[[ GIVEN RECORDS open ]]

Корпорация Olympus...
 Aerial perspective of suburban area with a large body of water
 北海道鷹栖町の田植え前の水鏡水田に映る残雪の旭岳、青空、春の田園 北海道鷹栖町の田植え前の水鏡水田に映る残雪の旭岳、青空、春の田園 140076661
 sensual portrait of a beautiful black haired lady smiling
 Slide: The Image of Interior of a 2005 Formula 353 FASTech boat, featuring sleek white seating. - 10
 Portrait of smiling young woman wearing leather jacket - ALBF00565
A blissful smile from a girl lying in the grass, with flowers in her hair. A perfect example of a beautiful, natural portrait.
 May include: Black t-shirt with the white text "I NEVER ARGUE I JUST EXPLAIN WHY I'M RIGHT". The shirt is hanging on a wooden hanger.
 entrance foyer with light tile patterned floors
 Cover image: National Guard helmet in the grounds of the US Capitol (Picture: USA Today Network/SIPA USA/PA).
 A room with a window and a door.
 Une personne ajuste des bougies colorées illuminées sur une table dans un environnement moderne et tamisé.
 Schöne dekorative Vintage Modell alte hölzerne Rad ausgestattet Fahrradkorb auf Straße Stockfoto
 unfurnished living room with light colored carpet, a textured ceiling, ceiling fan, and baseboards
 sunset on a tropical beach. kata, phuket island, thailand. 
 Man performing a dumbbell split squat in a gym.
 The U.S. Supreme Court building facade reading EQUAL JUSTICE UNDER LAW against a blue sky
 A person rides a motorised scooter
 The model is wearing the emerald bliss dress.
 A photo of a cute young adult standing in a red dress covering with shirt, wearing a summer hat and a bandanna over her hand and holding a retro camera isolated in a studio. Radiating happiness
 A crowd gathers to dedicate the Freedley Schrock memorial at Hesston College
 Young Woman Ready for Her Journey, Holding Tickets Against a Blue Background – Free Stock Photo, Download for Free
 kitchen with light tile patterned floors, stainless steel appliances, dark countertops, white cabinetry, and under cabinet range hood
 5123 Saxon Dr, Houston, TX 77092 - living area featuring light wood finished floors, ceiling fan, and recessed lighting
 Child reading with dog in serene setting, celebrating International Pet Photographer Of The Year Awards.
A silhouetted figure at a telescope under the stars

[[ GIVEN RECORDS closed ]]

-- WORK ORDER --
The lines above from the one with "Slide: The Image" through the one with "Portrait of smiling" are to be duplicated exactly, ends included, with nothing added.

-- EXERCISE SOLUTION --
 Slide: The Image of Interior of a 2005 Formula 353 FASTech boat, featuring sleek white seating. - 10
 Portrait of smiling young woman wearing leather jacket - ALBF00565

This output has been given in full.